The findings in this section are tentative due to the small number of studies cited. Eight studies specifically designed to address prison-based family literacy programs were found (see Table). Most of these studies were descriptive rather than evaluative. The findings, though preliminary, may be useful for designing pilot programs and framing larger studies.

Table 1 - Summary of Studies of Prison-Based Family Literacy Programs

Academic achievement. Like other family literacy programs, prison-based ones appear to improve children's performance in school and raise parents' reading test scores. One study (Northampton Community College, 1995) involved 150 incarcerated fathers enrolled in ABE, ESL, or GED programs, who participated in a 10-week family literacy program. Fathers took parenting classes, received support for letter writing, recorded readings of storybooks, and visited with their children on a bi-weekly basis. On average, the fathers gained 1.7 grade equivalents in reading, as measured on the Basic English Skills Test or Test of Adult Basic Education. Although the gains are admirable, no comparisons were made with literacy learners who did not participate in the family literacy component. An earlier pilot study (Martin, 1991) found that 10 incarcerated fathers' literacy skills improved after a 16-week program that involved parenting awareness, storybook selection and reading, and language experience approach activities, but did not involve the children. The authors did not describe how the improvements were measured or the extent of the gains.

In a study of 30 incarcerated fathers, Gadsden et al. (2005) found that some caretakers perceived that their children improved in school after regaining contact with their fathers through bi-weekly videoconferences, summer camps, and mailings of tape-recorded books. Although some caretakers also reported that their children experienced frequent school-related difficulties, both academic and social, they felt these problems were in part attributable to growing into adolescence and would have been worse without the father contact.
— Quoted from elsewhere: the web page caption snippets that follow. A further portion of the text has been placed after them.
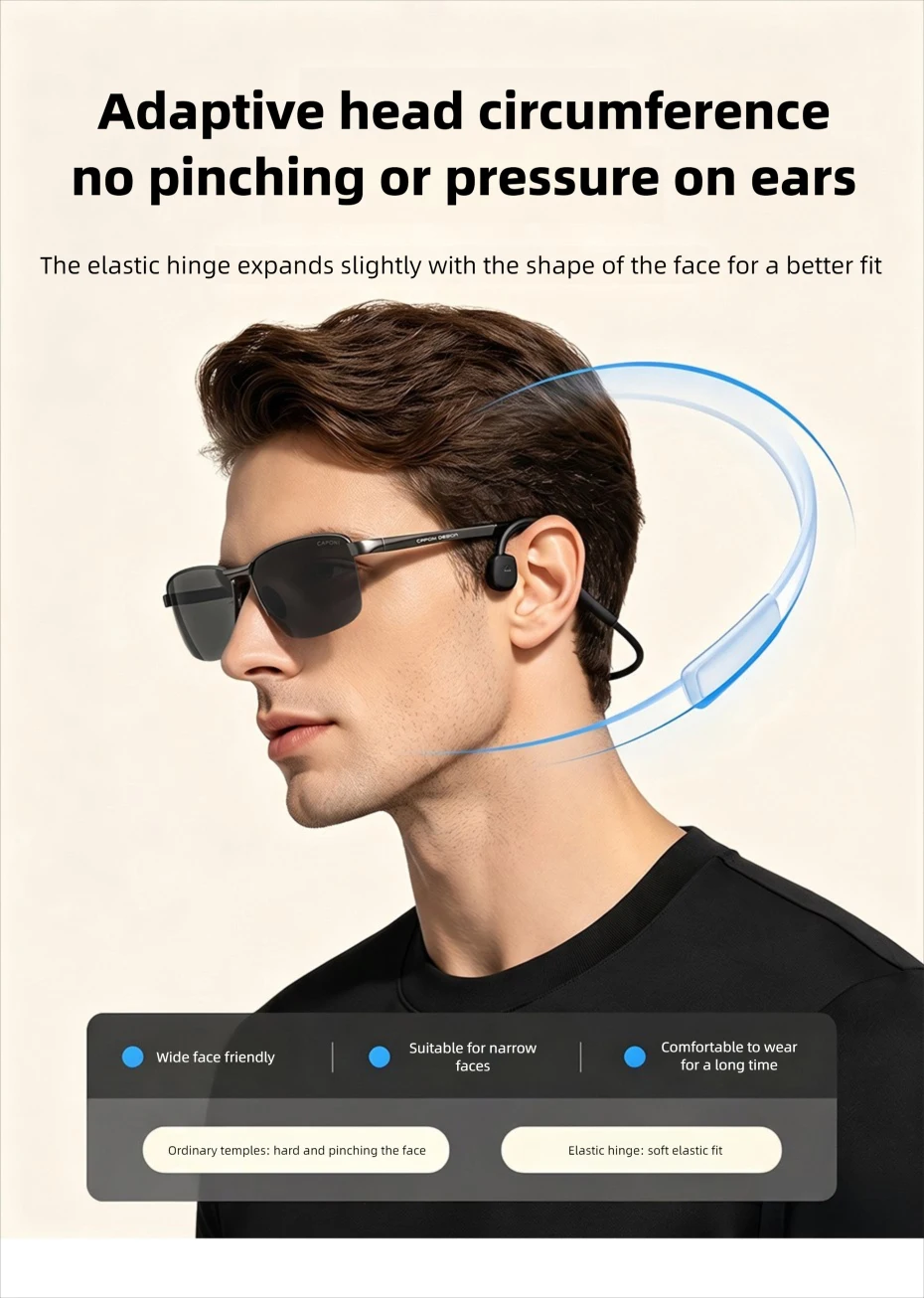 CAPONI neue Sonnenbrille für Männer Nylon polarisierte photo chrome Legierung fahren Sonnenbrille uv400 Marke Designer Sonnenbrillen bs8917 – Detail 4
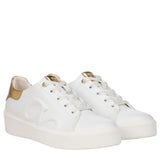 Naturalizer Morrison Logo White / Dark Gold  I8936L4101 Women's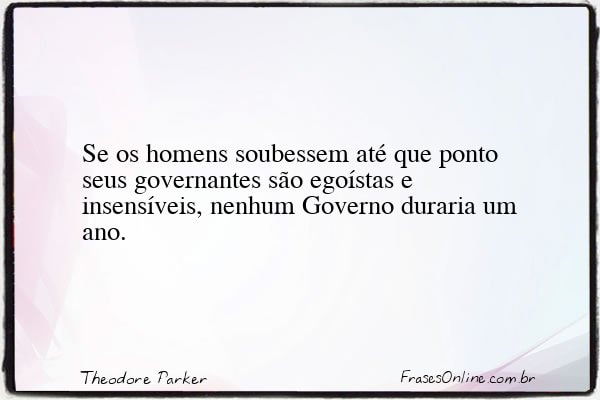 Frase de Theodore Parker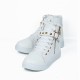Canvas Comfortable Women Casual Zipper Sneaker S-259W |image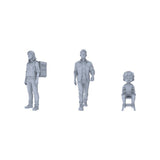 MRY-SFW LYTR210 1/64/87/160 Urban Casual Crowd Models Lifelike Diorama Projects Model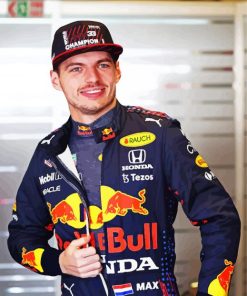 Max Verstappen Portrait Diamond Painting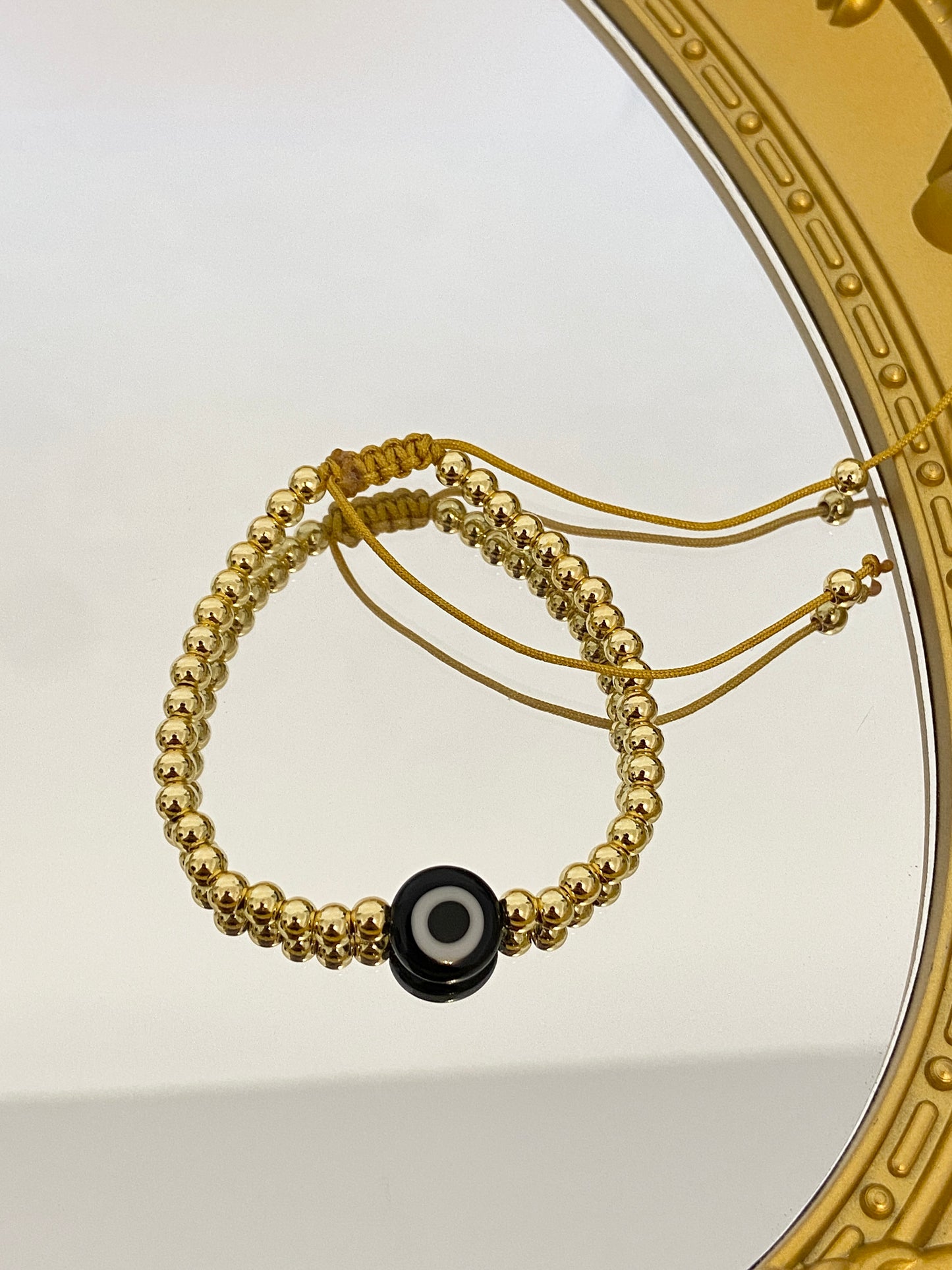 Evil eye beads bracelet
Literacy practices. Ports (see Literacy Assistance Center, 2003) described a 10-week "reading, discussion, and writing program for [12 incarcerated] mothers" (p. 12). She found that the women increased the quality and quantity of journal writing and letter writing, and grew more confident about reading storybooks out loud. Geraci (2000) found that incarcerated literacy learners who participated in a storybook writing and publishing program improved the quality of their letter writing. For example, one prisoner wrote a letter of apology to his estranged mother that rekindled their relationship. Similarly, other studies of incarcerated fathers that participated in family literacy programs found that the fathers became gentler and more attentive toward their children (Northampton Community College, 1995) and more skillful (Genisio, 1996) during storybook reading time in the visiting room.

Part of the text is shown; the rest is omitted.